L’an dernier, les Italiens ont confié leurs économies à un Père la Rigueur, une sorte de Raymond Barre à lunettes et en plus maigre qui a commencé à redresser le pays. Avec lui les Italiens, querelleurs et insouciants, ces sortes de Français en pire mais toujours de bonne humeur, eux, ont donné à leurs cousins français une leçon de sérieux. Une leçon qui a été retenue. Car les Français, on ne les reconnaît plus. En effet, lors de sa conférence de presse du mois dernier, François Hollande a parlé vrai, comme aucun Président de la République française ne l’avait fait jusqu’à présent.

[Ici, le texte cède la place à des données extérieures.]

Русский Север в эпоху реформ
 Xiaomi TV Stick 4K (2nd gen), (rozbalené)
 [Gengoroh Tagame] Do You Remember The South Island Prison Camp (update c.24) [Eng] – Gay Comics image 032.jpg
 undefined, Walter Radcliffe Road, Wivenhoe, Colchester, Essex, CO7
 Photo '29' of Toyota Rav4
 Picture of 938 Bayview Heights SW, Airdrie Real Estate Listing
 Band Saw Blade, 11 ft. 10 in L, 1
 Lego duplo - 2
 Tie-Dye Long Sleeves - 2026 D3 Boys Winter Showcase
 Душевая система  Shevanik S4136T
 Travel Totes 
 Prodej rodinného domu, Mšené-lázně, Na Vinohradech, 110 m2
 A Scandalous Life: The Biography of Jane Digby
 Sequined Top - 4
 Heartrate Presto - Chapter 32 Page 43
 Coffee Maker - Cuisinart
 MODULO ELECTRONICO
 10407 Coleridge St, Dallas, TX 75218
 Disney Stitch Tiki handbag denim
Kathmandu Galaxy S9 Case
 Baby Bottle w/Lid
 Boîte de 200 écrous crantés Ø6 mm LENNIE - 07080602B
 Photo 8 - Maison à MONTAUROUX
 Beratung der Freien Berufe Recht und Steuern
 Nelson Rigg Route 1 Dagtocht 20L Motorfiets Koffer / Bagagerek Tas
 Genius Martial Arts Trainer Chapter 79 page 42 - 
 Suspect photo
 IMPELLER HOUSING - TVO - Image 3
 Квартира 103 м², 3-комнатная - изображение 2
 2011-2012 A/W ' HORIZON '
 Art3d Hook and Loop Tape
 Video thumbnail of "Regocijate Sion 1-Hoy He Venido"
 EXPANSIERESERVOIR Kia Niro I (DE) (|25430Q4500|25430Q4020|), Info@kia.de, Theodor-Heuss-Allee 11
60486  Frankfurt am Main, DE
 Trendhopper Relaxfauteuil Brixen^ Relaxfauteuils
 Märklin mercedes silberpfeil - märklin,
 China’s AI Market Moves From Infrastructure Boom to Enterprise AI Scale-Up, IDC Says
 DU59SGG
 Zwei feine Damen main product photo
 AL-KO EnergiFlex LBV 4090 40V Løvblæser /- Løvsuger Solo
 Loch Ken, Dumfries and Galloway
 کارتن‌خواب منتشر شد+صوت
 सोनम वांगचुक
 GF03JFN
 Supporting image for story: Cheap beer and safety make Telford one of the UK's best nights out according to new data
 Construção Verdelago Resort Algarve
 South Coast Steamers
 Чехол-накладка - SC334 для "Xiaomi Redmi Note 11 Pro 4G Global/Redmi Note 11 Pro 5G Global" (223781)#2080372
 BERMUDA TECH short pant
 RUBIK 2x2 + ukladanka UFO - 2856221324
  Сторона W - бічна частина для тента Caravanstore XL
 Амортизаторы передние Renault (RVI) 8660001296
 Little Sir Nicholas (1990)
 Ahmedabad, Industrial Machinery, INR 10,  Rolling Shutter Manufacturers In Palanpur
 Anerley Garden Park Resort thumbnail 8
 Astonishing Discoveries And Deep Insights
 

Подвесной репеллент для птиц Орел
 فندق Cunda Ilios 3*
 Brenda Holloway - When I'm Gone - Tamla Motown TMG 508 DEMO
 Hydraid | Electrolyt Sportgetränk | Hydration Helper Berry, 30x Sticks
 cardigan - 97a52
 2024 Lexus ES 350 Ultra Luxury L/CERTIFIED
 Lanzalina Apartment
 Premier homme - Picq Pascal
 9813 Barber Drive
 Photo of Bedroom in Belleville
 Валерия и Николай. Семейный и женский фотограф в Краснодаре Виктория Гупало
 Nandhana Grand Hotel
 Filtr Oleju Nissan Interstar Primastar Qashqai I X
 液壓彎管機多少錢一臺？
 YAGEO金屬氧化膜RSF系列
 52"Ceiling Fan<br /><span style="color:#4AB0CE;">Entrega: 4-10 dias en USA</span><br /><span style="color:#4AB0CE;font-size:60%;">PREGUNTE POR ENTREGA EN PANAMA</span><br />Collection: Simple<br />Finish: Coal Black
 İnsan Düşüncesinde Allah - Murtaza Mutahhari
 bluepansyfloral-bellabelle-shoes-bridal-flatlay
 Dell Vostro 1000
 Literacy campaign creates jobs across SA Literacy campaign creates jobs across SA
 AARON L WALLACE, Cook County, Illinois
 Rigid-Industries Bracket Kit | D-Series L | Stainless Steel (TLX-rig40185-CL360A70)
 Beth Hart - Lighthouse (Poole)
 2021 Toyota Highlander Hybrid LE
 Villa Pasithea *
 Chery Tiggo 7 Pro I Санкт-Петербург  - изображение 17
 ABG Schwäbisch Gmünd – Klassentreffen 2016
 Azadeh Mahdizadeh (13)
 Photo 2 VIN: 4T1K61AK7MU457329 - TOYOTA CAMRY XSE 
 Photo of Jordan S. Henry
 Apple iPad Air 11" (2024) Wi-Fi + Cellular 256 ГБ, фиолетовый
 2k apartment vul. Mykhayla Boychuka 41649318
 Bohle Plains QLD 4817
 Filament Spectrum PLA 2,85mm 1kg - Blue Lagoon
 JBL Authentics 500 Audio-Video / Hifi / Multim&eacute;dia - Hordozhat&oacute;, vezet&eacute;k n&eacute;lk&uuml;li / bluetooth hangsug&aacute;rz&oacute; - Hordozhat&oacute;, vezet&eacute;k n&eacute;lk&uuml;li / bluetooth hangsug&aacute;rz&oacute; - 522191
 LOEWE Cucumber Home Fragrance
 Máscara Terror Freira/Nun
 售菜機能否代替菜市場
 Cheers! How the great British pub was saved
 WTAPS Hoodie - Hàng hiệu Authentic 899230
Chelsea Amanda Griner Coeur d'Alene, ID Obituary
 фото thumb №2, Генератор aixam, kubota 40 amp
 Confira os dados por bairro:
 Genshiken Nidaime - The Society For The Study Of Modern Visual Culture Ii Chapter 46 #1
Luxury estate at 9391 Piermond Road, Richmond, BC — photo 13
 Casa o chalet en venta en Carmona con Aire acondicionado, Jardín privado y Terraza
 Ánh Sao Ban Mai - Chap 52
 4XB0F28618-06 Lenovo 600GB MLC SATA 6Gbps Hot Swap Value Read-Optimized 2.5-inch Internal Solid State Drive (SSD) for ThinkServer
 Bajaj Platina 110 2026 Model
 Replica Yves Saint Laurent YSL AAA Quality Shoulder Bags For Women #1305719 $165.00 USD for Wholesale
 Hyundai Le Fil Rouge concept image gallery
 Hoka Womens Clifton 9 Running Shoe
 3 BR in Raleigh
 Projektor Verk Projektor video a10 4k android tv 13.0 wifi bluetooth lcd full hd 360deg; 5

Sur l’urgence de la réduction des dépenses publiques, qui seule permettra de désendetter la France, sous peine de finir comme la Grèce ou un pays de seconde zone.

Vous me direz que ça n’a pas amélioré la cote de popularité de François Hollande. Soit. Au niveau où il est tombé, il va bientôt finir par trouver du pétrole... Mais s’il réussit à redresser le pays et à faire repartir la croissance après une cure de rigueur, vous verrez, il est même possible qu’il soit réélu contre un autre candidat de l’UMP désormais requinqué.

A une condition : que la gauche de la gauche ne lui fasse pas la guerre et accepte de le laisser assainir les comptes. Sur ce plan, ce n’est pas joué. La droite française a souvent montré qu’elle était la plus bête du monde. Vous avez pu le vérifier après le putsch raté de Copé à l'UMP. La gauche française a un an – l’année qui vient - pour prouver qu’elle n’est pas, elle-aussi, la plus bête du monde.